(…of February, and other more substantial spans of space)
M.snowe’s relationship to death has changed drastically throughout her relatively short life, as she imagines it has for most people who’ve at least seen a few decades go by. At first, it was feared–but now, m.snowe has no trouble saying that the act of dying (while she hopes it’s not painful) doesn’t really keep her up at night. Yes, this might change again in the future given any number of circumstances, but not now, and on the whole m.snowe feels that’s a pretty good way to be. But what does scare m.snowe, or at least cause an almost undue sense of dread and pain, is the fear of dealing with dead things. The idea of death is such a personal notion, yet at the same time it is completely universal–but many seem to forget that every death, every fluctual, dialectical change represents a divergence, a stoppage of what we knew: a void. And sometimes, no matter what type of packing we use to repackage that void, it’s a loss nonetheless. M.snowe approaches these voids with much more trepidation than the possibility of her own.

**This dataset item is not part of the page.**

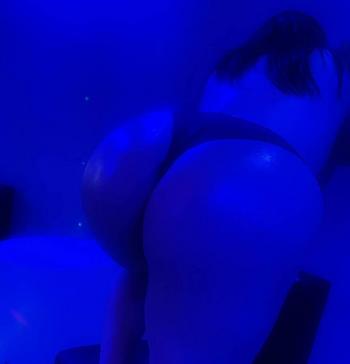 Sabby, 27 Caucasian/White female escort, Quebec City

Perhaps the scariest type of death during life is the loss of others. To clarify, M.snowe doesn’t mean others literal, physical death (although those aren’t exactly fun either)–but the deaths that come with lost interaction, irrevocable differences, failed reliance of trust, anything that causes those despairing driftings away on an untamed sea of reasons. From personal experience in the last two months, m.snowe has suffered (along with many of those involved) the emotional deaths of coworkers, friends, more than friends, you name it. Taking the situations for what they were, m.snowe tried to tell herself she was behaving or feeling irrationally despaired. But taken in view of mourning the deaths of so many familiar people and situations that filled her life with joy, she knows that questioning the strength of the blow was an interior mistake. Because when someone you love dies physically, there is an ultimate pain that you can’t escape. But the finality, the “closure” (m.snowe hates, hates, hates that word) is tangible–despite what Joan Didion would like you to believe or not–magical thinking has no place in this physical world of solids and scientific decay. The only half-lives available have to do with archeology and carbon-dating. But, when you lose a friend, a coworker, a romantic interest, etc., to a change in circumstance, a new revelation, or outright rejection–they do not die so clean-cut and definitively. There is no altar to turn to, no place to arrange your intellectual bouquet of flowers. In fact, magical thinking becomes your simultaneous ally and worst enemy–you craft impossible dreams because the physical lives of these other people are still indeed in full operation–only now, without you and vice-versa. Perhaps this is a mostly American phenomena, but the abilities of our population for wishful thinking are completely overstretched–no one needs to go farther than the movies to realize we’ve got our heads spinning with merry-go-round dreams, brass rings, and carnival grand prizes that revolve around impossible redemption. And all these things, these thoughts and notions of reinvigorated possibilities, visiting m.snowe from the reaches of her own imagined river Styx–they scare her more than mortality.